After this cycle two instruction will be done with EX. Both are floating point. So, only one of them can enter MEM stage. The other one has to stall:
(dlxsim) step stopped after single step, pc = _main+0x2c: subd f2,f2,f6 (dlxsim) stats pipeline
PIPELINE STATE
no instruction starting WB
no instruction starting MEM
ld f6,0x0(r3) done with EX (fp) and starting MEM(fp)
addd f2,f2,f4 done with EX (fp) and stalled before MEM(fp)

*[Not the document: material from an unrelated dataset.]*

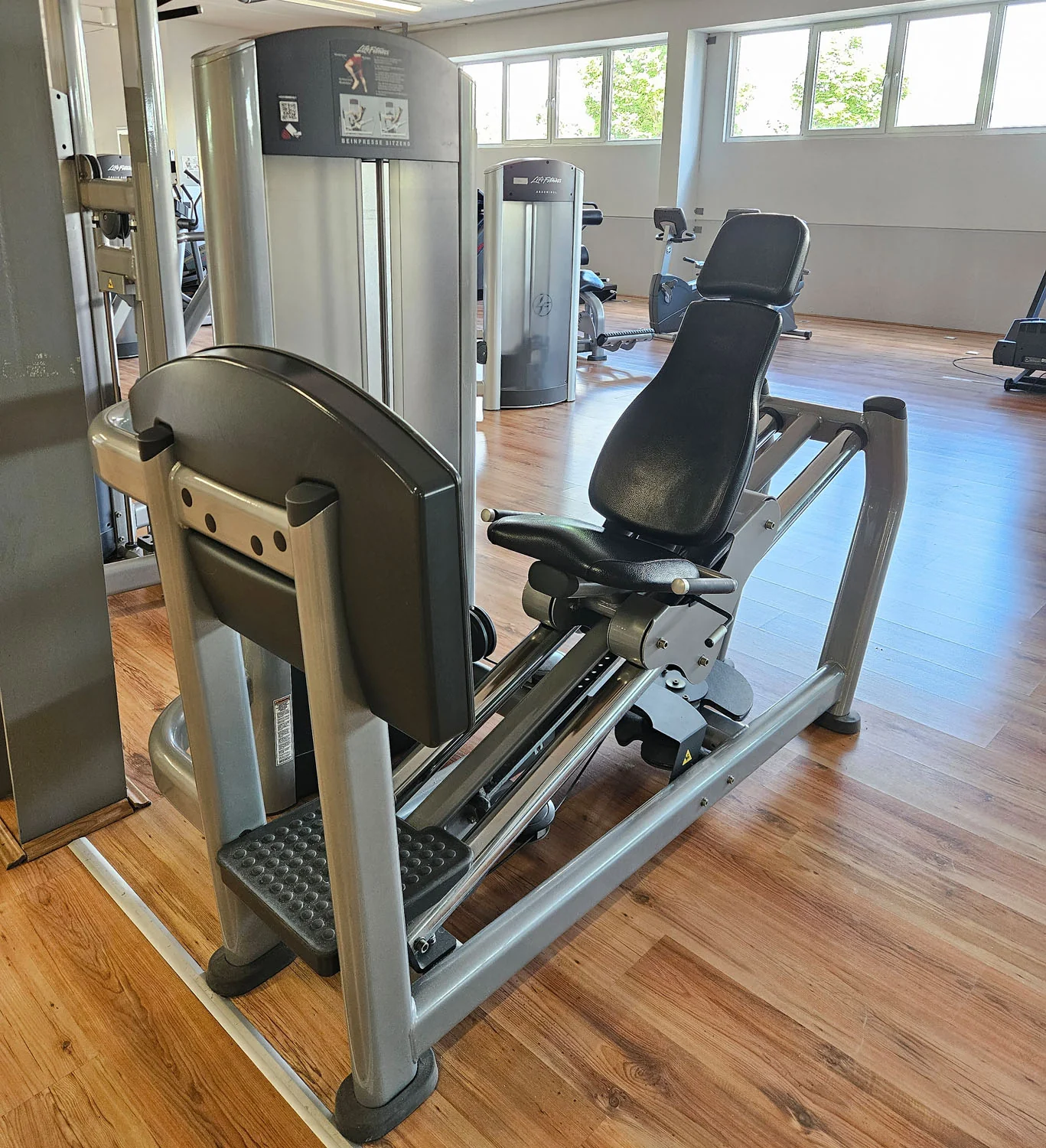 Life Fitness Beinpresse sitzend, Leg Press, Signature Serie, 195kg Gewichtsblock, Rahmenfarbe Silber, gebraucht - überholter Zustand - Image 2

no instruction starting EX
multd f6,f0,f6 done with ID and stalled before EX
subd f2,f2,f6 done with IF and stalled before ID
The execution will proceed in the same fashion more or less until a trap is received:
(dlxsim) go
TRAP #0 received
(dlxsim) stats pipeline
PIPELINE STATE
no instruction starting WB
no instruction starting MEM
no instruction starting EX
no instruction starting ID
no instruction starting IF
(dlxsim) fget A d
A: 19.000000
So, the pipeline is empty now and the value of A has been modified.
Exercise 1.
This exercise will help you to understand the reasons of pipeline stalls. Consider the following code (it is contained in the file ex1.data):
.global A
A: .double 10
.global B
B: .double 5
.global C
C: .double 2
.global D
D: .double 17
.align 4
.global _main
_main:
addi r1, r0, A
addi r2, r0, B
addi r3, r0, C
addi r4, r0, D
foo:
ld f0, 0(r1)
ld f2, 0(r2)
multd f2, f2, f0
ld f4, 0(r3)
ld f6, 0(r4)
addd f4, f4, f0
subd f6, f6, f0
multd f2, f2, f6
multd f4, f4, f2
sd 0(r3), f4
addi r5, r0, #0
bnez r5, foo
nop
trap #0
This program does simple calculations. Which? What are the pipeline
stalls occurring here? Trace the execution of the program using the
simulator and explain the reasons for all the stalls in it.
Exercise 2.
Do the exercise 4.14 (a and b) from the textbook. You may use the DLXsim to collect the data and to try various ordering of instructions to maximize performance.